Exercise ▸ Leaving the pictures aside, reproduce the data in full and word for word.

Data ▸
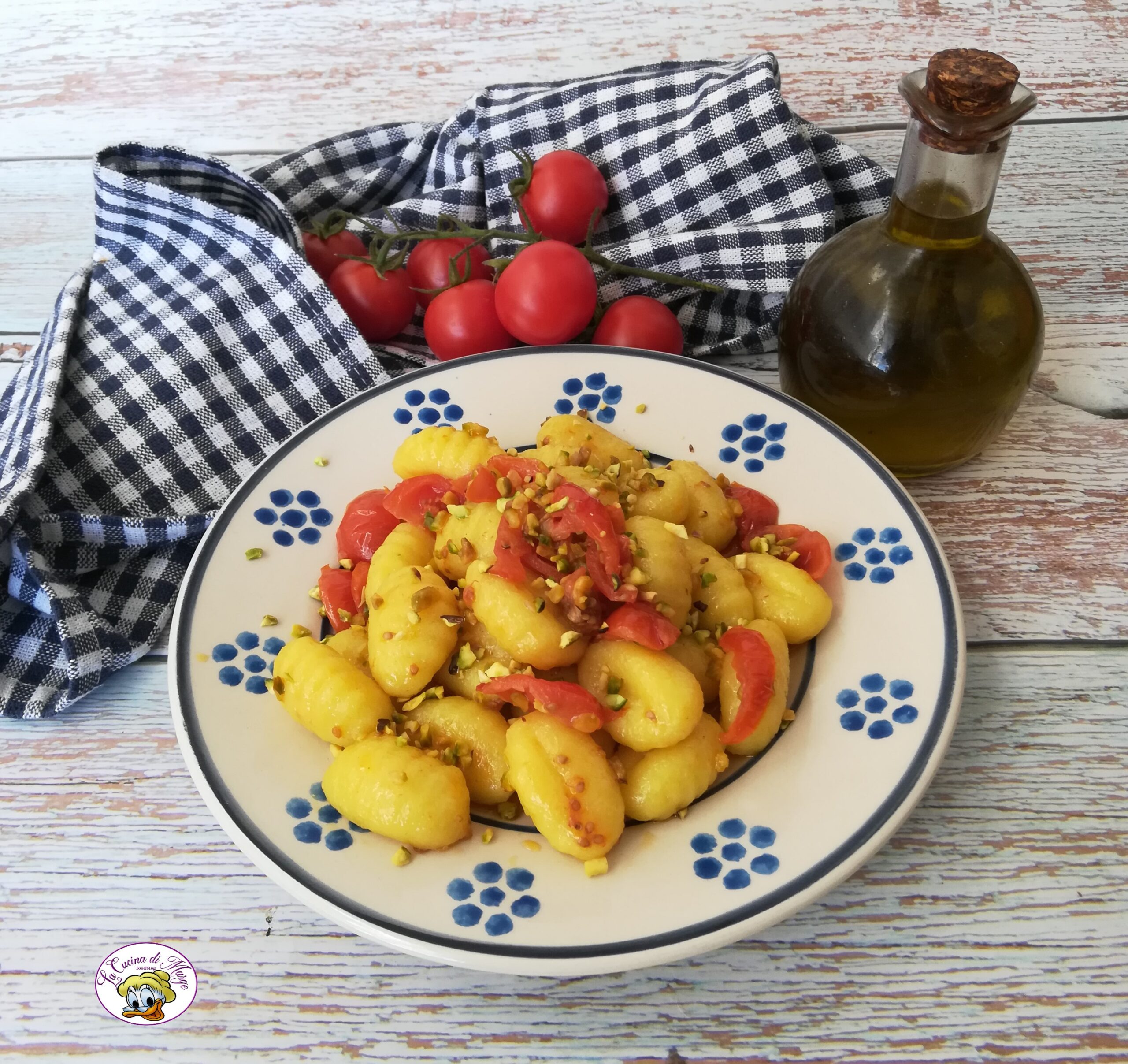 NHOQUE COM PISTACHE E TOMATINHOS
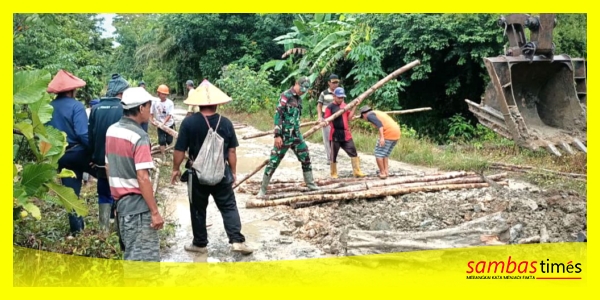 Satgas TMMD Regtas ke-126 dan warga saling bahu membahu menyusun Cerucuk Penimbunan jalan Desa Ratu Sepudak, Kecamatan Galing, Kabupaten Sambas, Selasa (14/10/2025). 
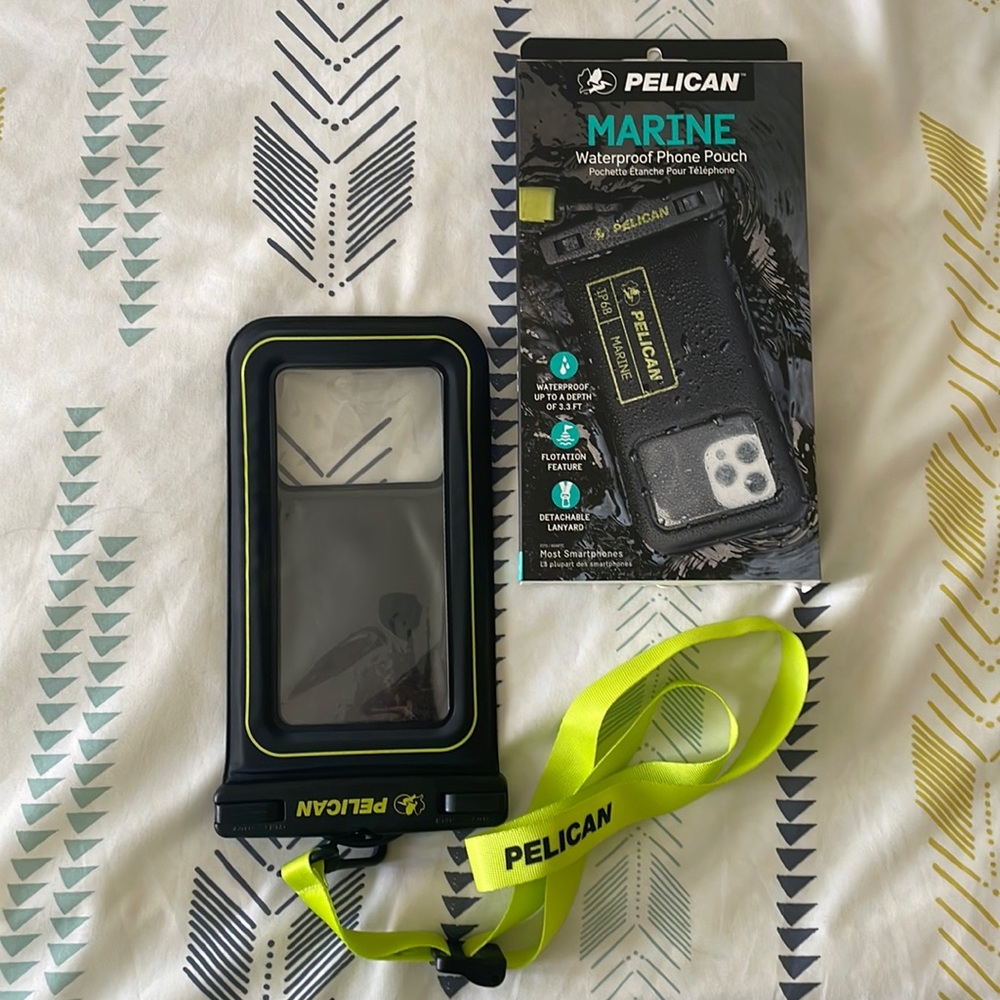 Waterproof phone pouch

Solution for this problem ▸
 NHOQUE COM PISTACHE E TOMATINHOS
 Satgas TMMD Regtas ke-126 dan warga saling bahu membahu menyusun Cerucuk Penimbunan jalan Desa Ratu Sepudak, Kecamatan Galing, Kabupaten Sambas, Selasa (14/10/2025). 
 Waterproof phone pouch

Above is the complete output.